Probable colapso de la Evergrande deja al descubierto el capitalismo chino

El Grupo Evergrande está al borde de la quiebra. Esta noticia recorre el mundo y hace caer las bolsas de valores. No es para menos, el Evergrande, con sede en Shenzhen, sur de China, posee la segunda mayor constructora inmobiliaria del país, además de otros negocios, como fábrica de vehículos eléctricos y equipos de fútbol. Con cerca de 200.000 empleados directos, genera 3,8 millones de empleos por años, según el site de la empresa.

Por: Marcos Margarido

No obstante, posee una deuda de más de 300.000 millones de dólares junto a las instituciones financieras del país y sufre una desaceleración en las ventas de sus emprendimientos.
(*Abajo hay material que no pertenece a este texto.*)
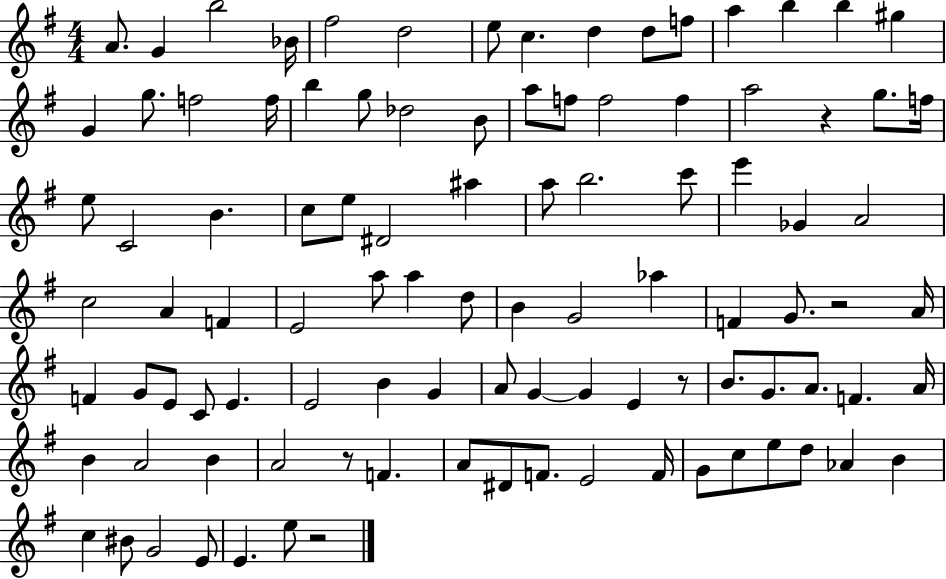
X:1
T:Untitled
M:4/4
L:1/4
K:G
A/2 G b2 _B/4 ^f2 d2 e/2 c d d/2 f/2 a b b ^g G g/2 f2 f/4 b g/2 _d2 B/2 a/2 f/2 f2 f a2 z g/2 f/4 e/2 C2 B c/2 e/2 ^D2 ^a a/2 b2 c'/2 e' _G A2 c2 A F E2 a/2 a d/2 B G2 _a F G/2 z2 A/4 F G/2 E/2 C/2 E E2 B G A/2 G G E z/2 B/2 G/2 A/2 F A/4 B A2 B A2 z/2 F A/2 ^D/2 F/2 E2 F/4 G/2 c/2 e/2 d/2 _A B c ^B/2 G2 E/2 E e/2 z2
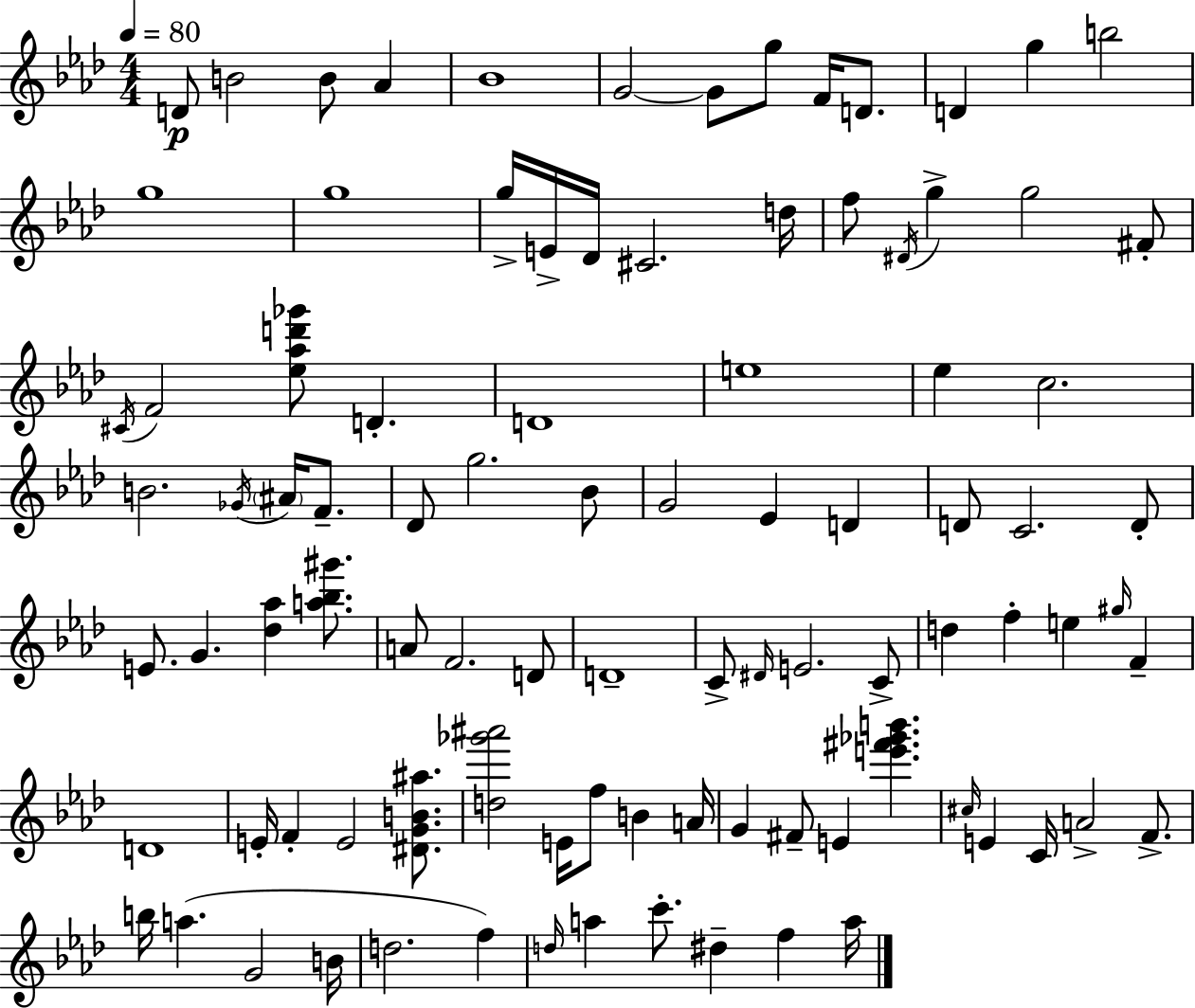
X:1
T:Untitled
M:4/4
L:1/4
K:Fm
D/2 B2 B/2 _A _B4 G2 G/2 g/2 F/4 D/2 D g b2 g4 g4 g/4 E/4 _D/4 ^C2 d/4 f/2 ^D/4 g g2 ^F/2 ^C/4 F2 [_e_ad'_g']/2 D D4 e4 _e c2 B2 _G/4 ^A/4 F/2 _D/2 g2 _B/2 G2 _E D D/2 C2 D/2 E/2 G [_d_a] [a_b^g']/2 A/2 F2 D/2 D4 C/2 ^D/4 E2 C/2 d f e ^g/4 F D4 E/4 F E2 [^DGB^a]/2 [d_g'^a']2 E/4 f/2 B A/4 G ^F/2 E [e'^f'_g'b'] ^c/4 E C/4 A2 F/2 b/4 a G2 B/4 d2 f d/4 a c'/2 ^d f a/4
Sus acciones cayeron 75% a lo largo del año, 12% solo el día del anuncio de dificultades financieras (14/9). El dueño y presidente de la empresa, Xu Jiayin, uno de los hombres más ricos de China, renunció. La constructora Evergrande tiene cerca de 800 proyectos sin terminar, que suman 1,6 millones de departamentos ya vendidos.

Ese número enorme de construcciones sin acabar se debe al modelo de inversiones de la empresa, semejante al de muchas constructoras brasileñas, como la MRV. Ella vende sus emprendimientos en la planta, y con el dinero obtenido inicia otras obras, con ventas igualmente en planta, además de usar este patrimonio para hacer préstamos bancarios y atraer inversores. Hoy, la Evergrande posee tierras suficientes para albergar a toda la población de Portugal.

Este esquema de expansión “infinita” funciona cuando la economía está en expansión. China comenzó un proceso de urbanización acelerada en los años 1990. De una mayoría campesina, pasó a tener 60% de su población viviendo en las ciudades en 2020. Eso causó un crecimiento enorme del sector. La valorización inmobiliaria subió a niveles estratosféricos, haciendo que los negocios pasasen a tener un objetivo de especulación financiera. Desde 2015, los precios de los inmuebles residenciales cayeron para 23m2 por persona, poco más que el tamaño de un cuarto de hotel típico.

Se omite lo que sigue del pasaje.